▶ Caption-style text data
• • • • •

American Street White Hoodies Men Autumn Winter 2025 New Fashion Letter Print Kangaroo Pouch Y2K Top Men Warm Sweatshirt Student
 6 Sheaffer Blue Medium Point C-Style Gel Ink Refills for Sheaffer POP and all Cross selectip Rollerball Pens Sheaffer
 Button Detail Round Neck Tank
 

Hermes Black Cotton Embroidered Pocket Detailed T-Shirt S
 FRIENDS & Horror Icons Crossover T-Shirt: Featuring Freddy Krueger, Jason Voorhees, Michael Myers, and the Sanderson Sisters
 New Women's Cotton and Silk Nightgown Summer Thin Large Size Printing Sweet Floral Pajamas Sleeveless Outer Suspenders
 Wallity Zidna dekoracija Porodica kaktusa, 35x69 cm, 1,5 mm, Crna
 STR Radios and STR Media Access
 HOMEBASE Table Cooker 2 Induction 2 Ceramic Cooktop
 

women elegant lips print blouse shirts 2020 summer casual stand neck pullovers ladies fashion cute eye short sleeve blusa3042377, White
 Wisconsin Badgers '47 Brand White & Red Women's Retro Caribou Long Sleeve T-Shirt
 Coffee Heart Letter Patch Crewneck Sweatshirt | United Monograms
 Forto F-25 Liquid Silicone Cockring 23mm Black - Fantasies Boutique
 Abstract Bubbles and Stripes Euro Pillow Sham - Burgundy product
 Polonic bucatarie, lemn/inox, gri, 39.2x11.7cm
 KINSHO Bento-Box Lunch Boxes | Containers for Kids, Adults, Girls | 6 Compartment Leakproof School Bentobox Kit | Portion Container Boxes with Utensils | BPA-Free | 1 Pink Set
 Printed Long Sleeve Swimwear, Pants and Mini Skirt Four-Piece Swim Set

• • • • •

▶ Your task
Please copy every line from the entries that includes the word "Sweatshirt".

▶ Solution to this exercise
American Street White Hoodies Men Autumn Winter 2025 New Fashion Letter Print Kangaroo Pouch Y2K Top Men Warm Sweatshirt Student
 Coffee Heart Letter Patch Crewneck Sweatshirt | United Monograms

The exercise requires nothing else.